Study material:
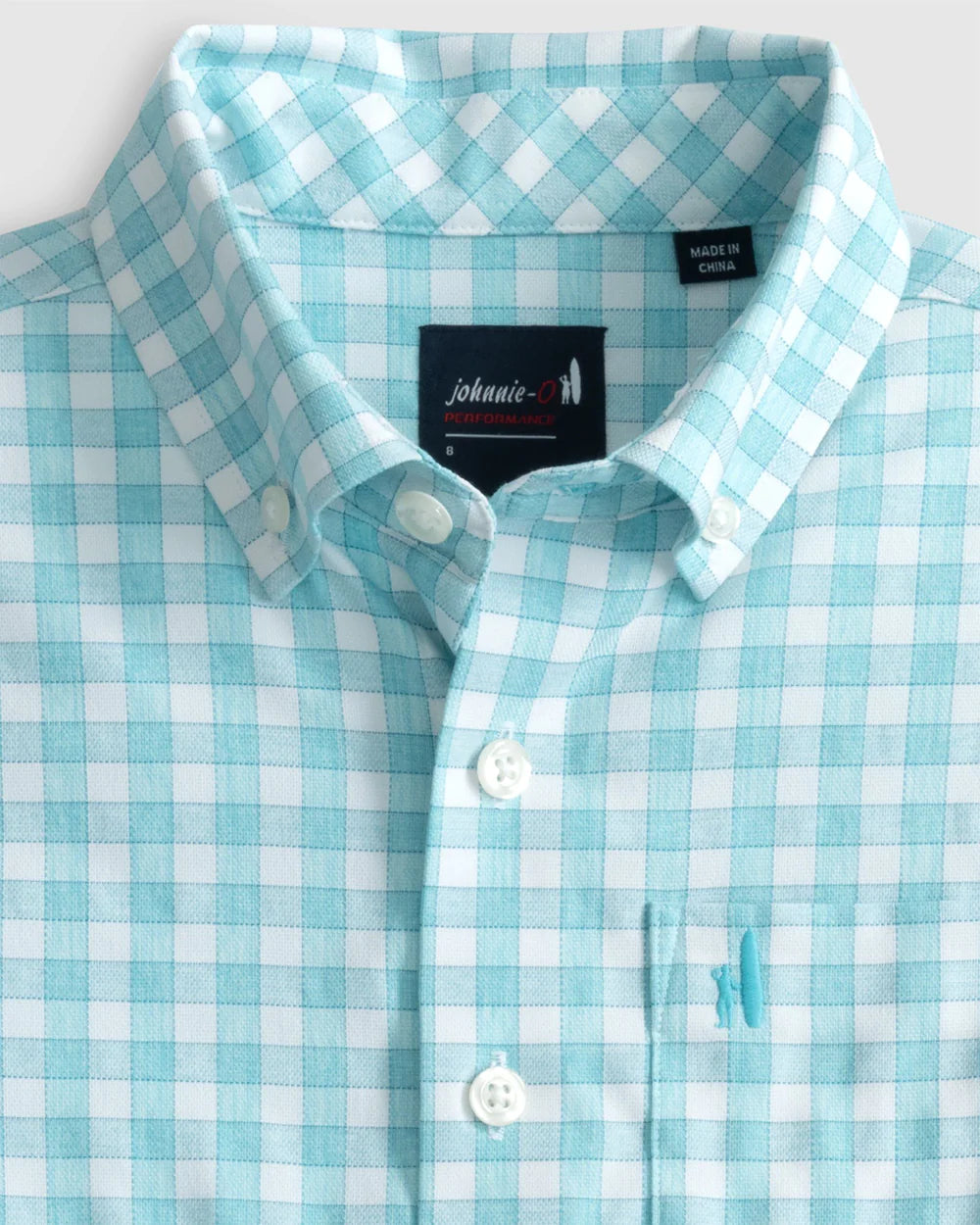 Ashworth Button Down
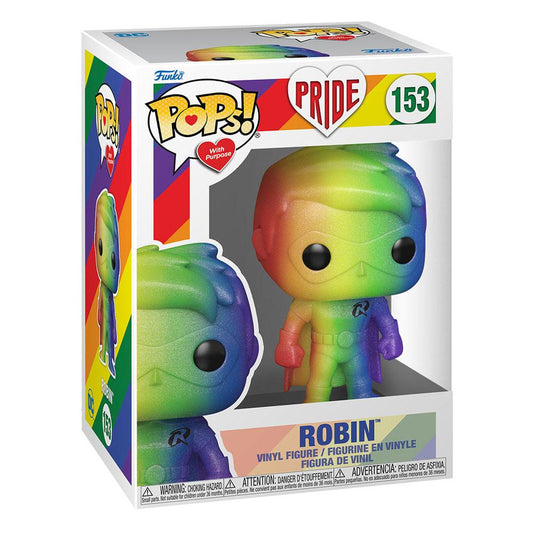 pop robin 153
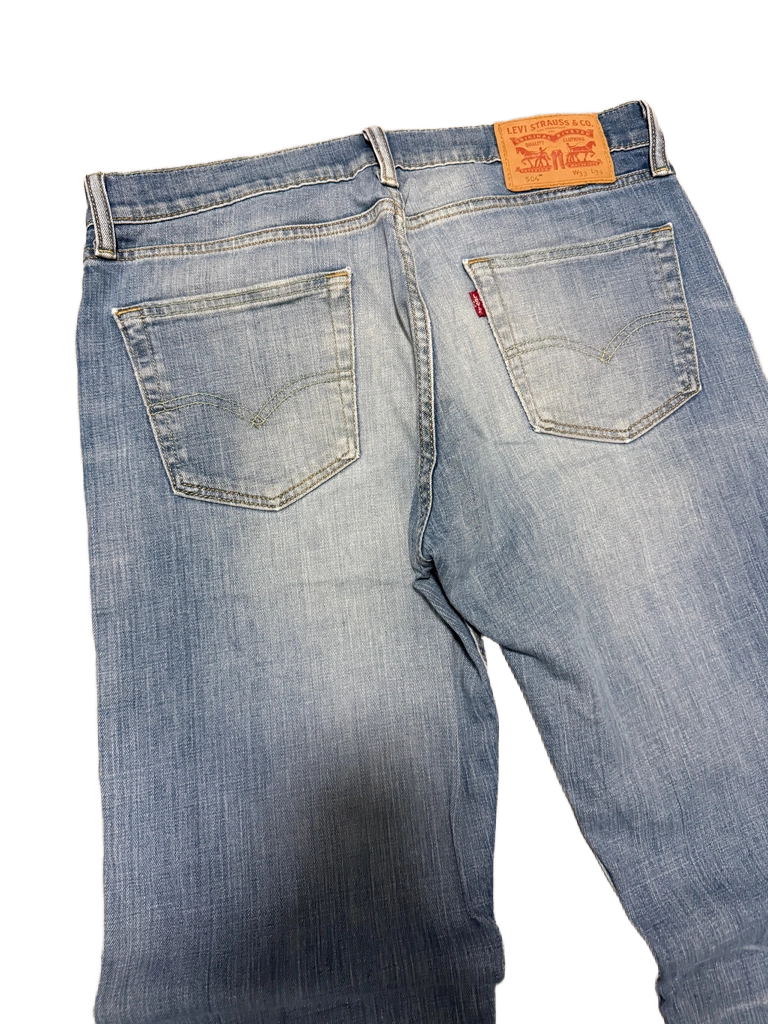 Levi's Jeans 504 Straight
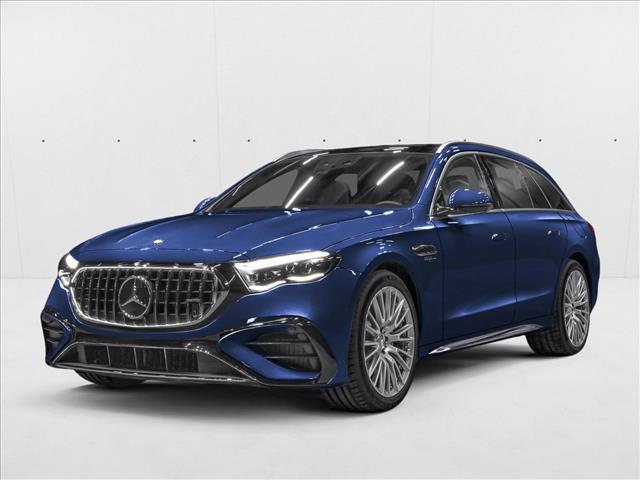 New 2026 Mercedes-Benz AMG E 53 E 4MATIC+
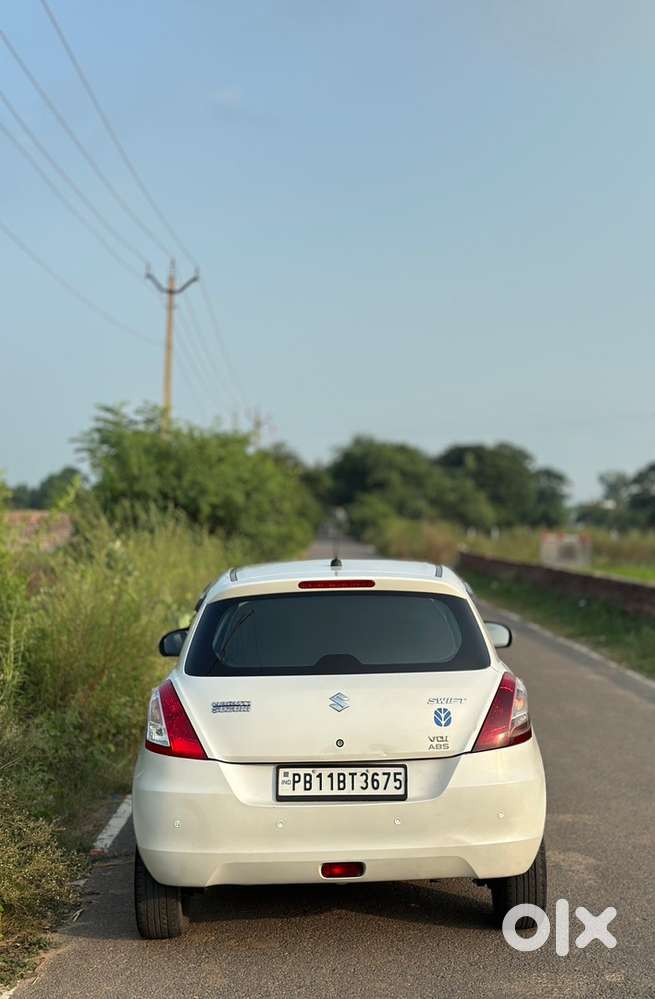 Maruti Swift Diesel 2015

Exercise details:
Could you write out the whole listing exactly, dropping the pictures?

Exercise result:
 Ashworth Button Down
 pop robin 153
 Levi's Jeans 504 Straight
 New 2026 Mercedes-Benz AMG E 53 E 4MATIC+
 Maruti Swift Diesel 2015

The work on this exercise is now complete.